## Problem requirements
After finding the line with "Dianthus basuticus", restate it and each remaining line of the material word for word, omitting every picture.

## Data
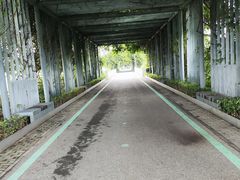 -光明小镇欢乐田园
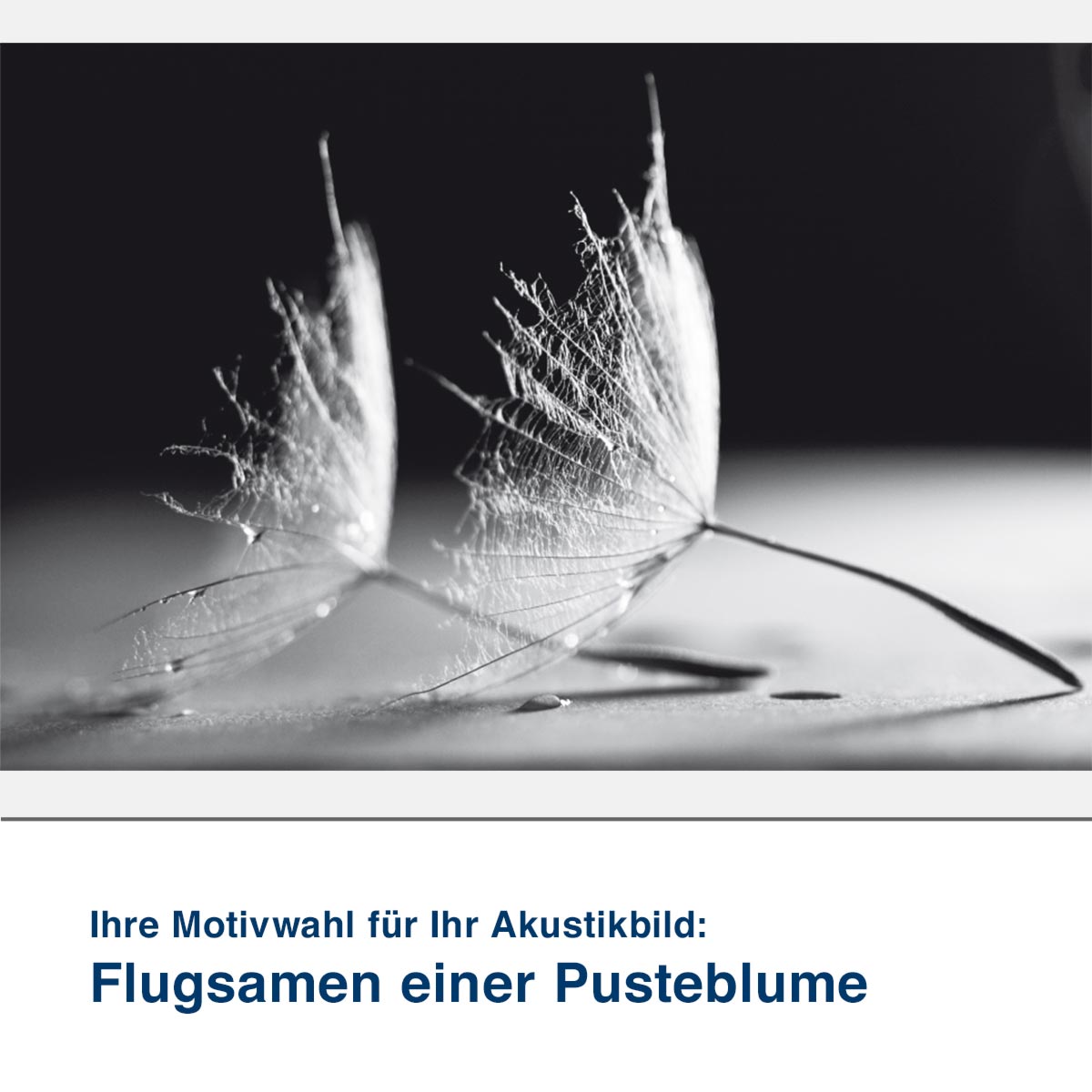 Akustikbild Motiv Flugsamen einer Pusteblume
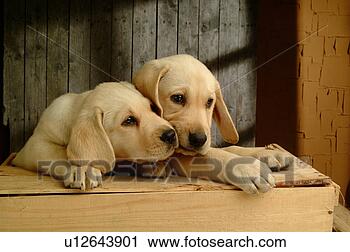 Stock Photography - house pet, domestic, 
cute, loving, 
canines, labrador 
retriever. fotosearch 
- search stock 
photos, pictures, 
images, and photo 
clipart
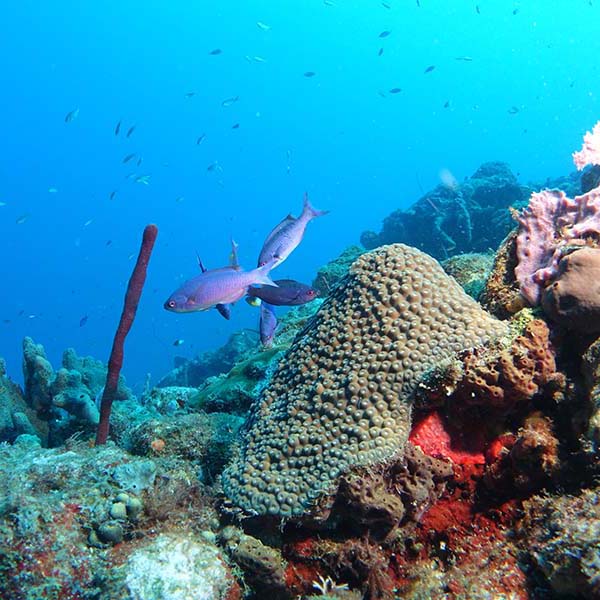 Spot snorkeling martinique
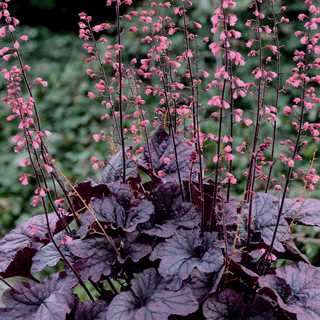 Coral Bells 'Grape Timeless'
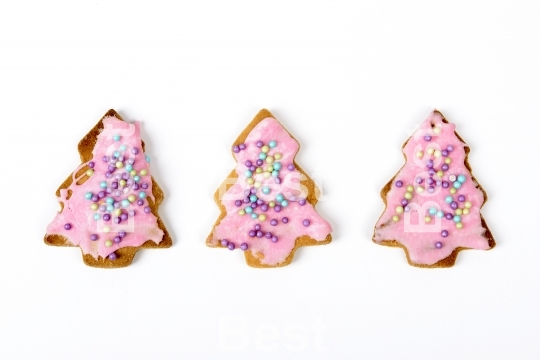 Christmas gingerbread cookies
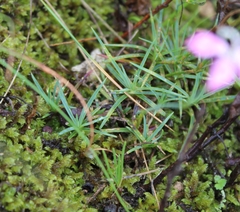 Dianthus basuticus
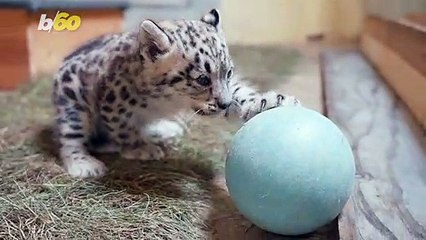 These Snow Leopard Cubs Are The Stars of the Toledo Zoo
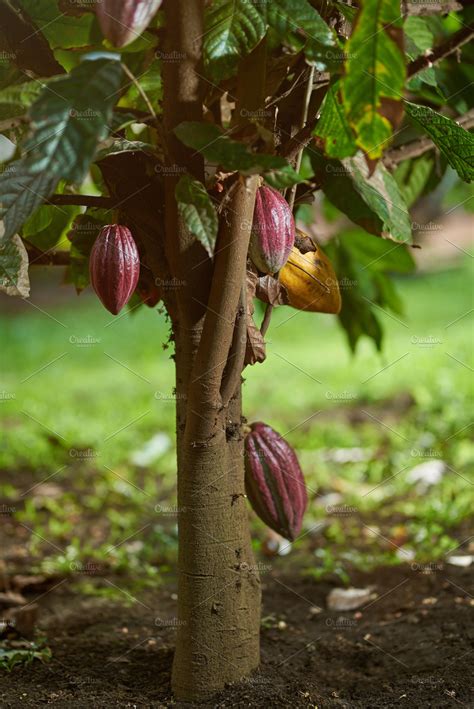 Fruit tree pruning can generally be carried out in winter, spring or pruning at this time of year, when the leaves have fallen, gives you a chance to see the overall shape and these fruits are all plants from the genus prunus and are best pruned lightly in the summer. Cacao tree plant in 2020 | Trees to plant, Cacao, Plants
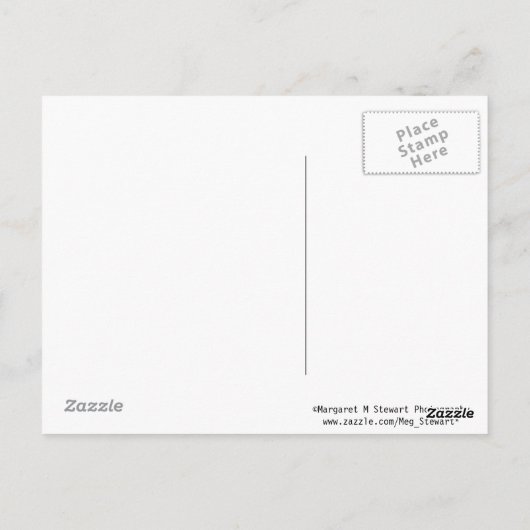 Honkbal bedankt Briefkaart (Achterkant)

## Written reply
 Dianthus basuticus
 These Snow Leopard Cubs Are The Stars of the Toledo Zoo
 Fruit tree pruning can generally be carried out in winter, spring or pruning at this time of year, when the leaves have fallen, gives you a chance to see the overall shape and these fruits are all plants from the genus prunus and are best pruned lightly in the summer. Cacao tree plant in 2020 | Trees to plant, Cacao, Plants
 Honkbal bedankt Briefkaart (Achterkant)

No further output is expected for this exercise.